So that's a high C you belted out there? I thought that was a harmonic note ... I guess harmonic blasts go a lot higher, eh? Sometimes they sound like the reed is gonna split. I'm not a Foreigner fan, but "Urgent" has one of those I think.

I love me some baritone sax too .... you don't hear them a lot, but that can really hammer home some R&B ... for example, "When Something is Wrong" by Neville and Ronstadt. Great stuff
Yeah I have all that in my collection, great stuff.

Well its hard because people use different terms for harmonics.

For guitar players they will sort of mute the string and pluck it and it goes higher, they call it a harmonic. Still though its a note. Everything can be boiled down to that would be an F or a G at this point on the staff, for that instruments key.

For sax players we have what we call Multiphonics. Its sort of same thing were you can get different sounds out of alternate fingerings, and then change the pitch based on your throat.

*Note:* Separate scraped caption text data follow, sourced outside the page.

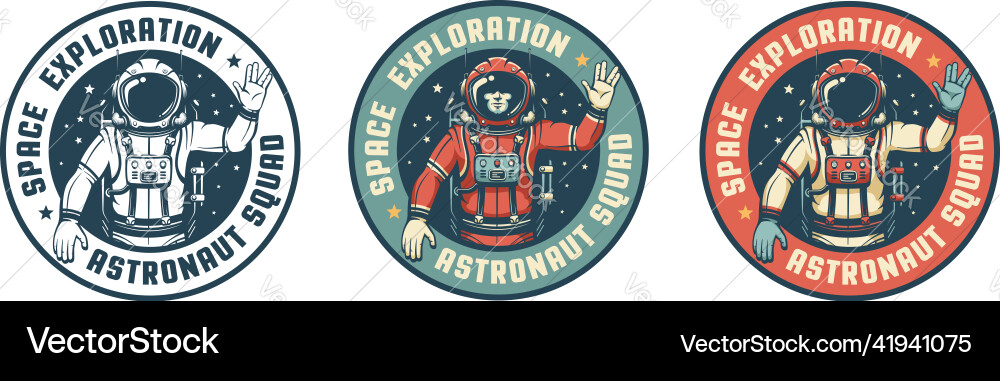 Astronaut in spacesuit - space retro badge Astronaut in spacesuit - space retro badge vector image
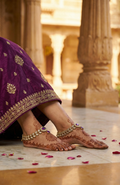Gold-Tone Kundan Anklets with Purple Stone Pendant
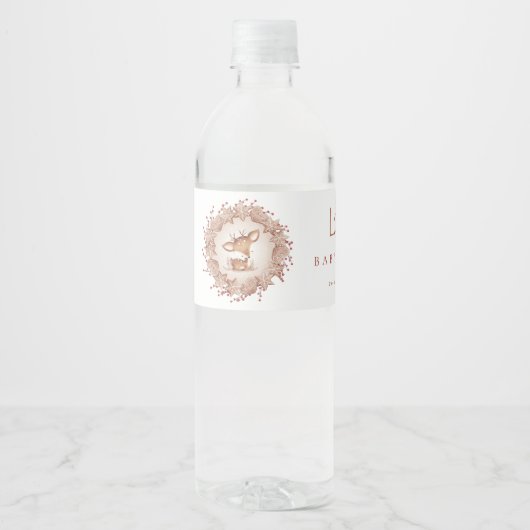 Kerstmis Baby shower Deer Drink Water Fles Labels Waterfles Etiket (Voorkant)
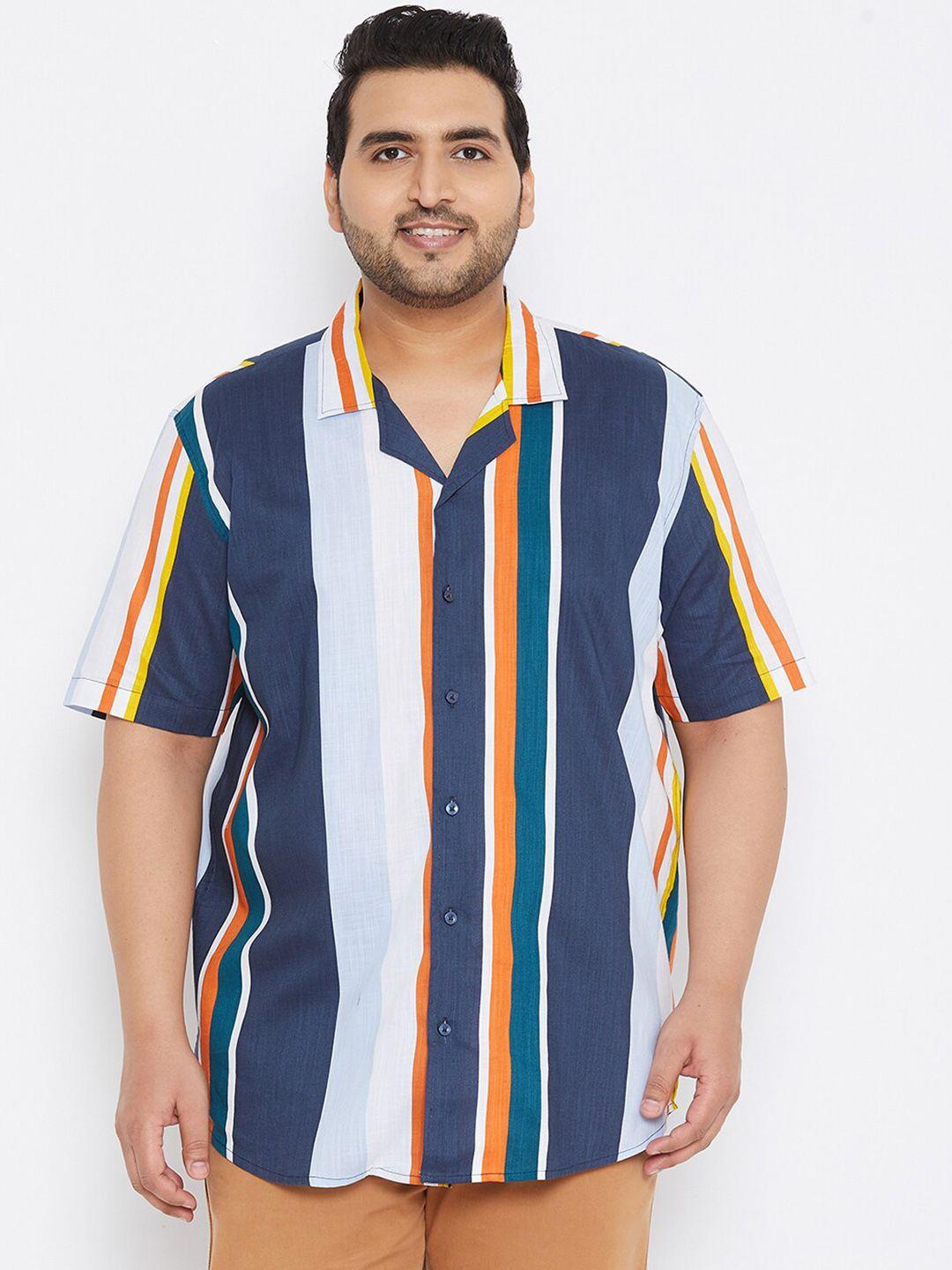 instafab plus men navy blue striped casual shirt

Now altissimo also done with alternate fingerings, and some people call that technique harmonics. It also is done by using a fingering that is not designed on the sax. Also every sax is different which is why it is maddening.

What young players fail to realize is the fingering is only a small part of it. It's actually all done in your throat, raising your tounge to speed up the air. So while you tounge speeds up the air, and your throat opens for air, but at the same time uses muscles developed there to squeeze the note to the higher level. But hitting actually pitches that are in the scale is not easy.

You will hear young players squeeking away because they just dont have the muscles developed yet to sound good and control a piece of cane that like you said sounds sometimes like it will split. Finding good reeds like an obsession with sax players, although I have been broken of that curse through counseling.

Thanks for even indulging me with some banter on the saxophone.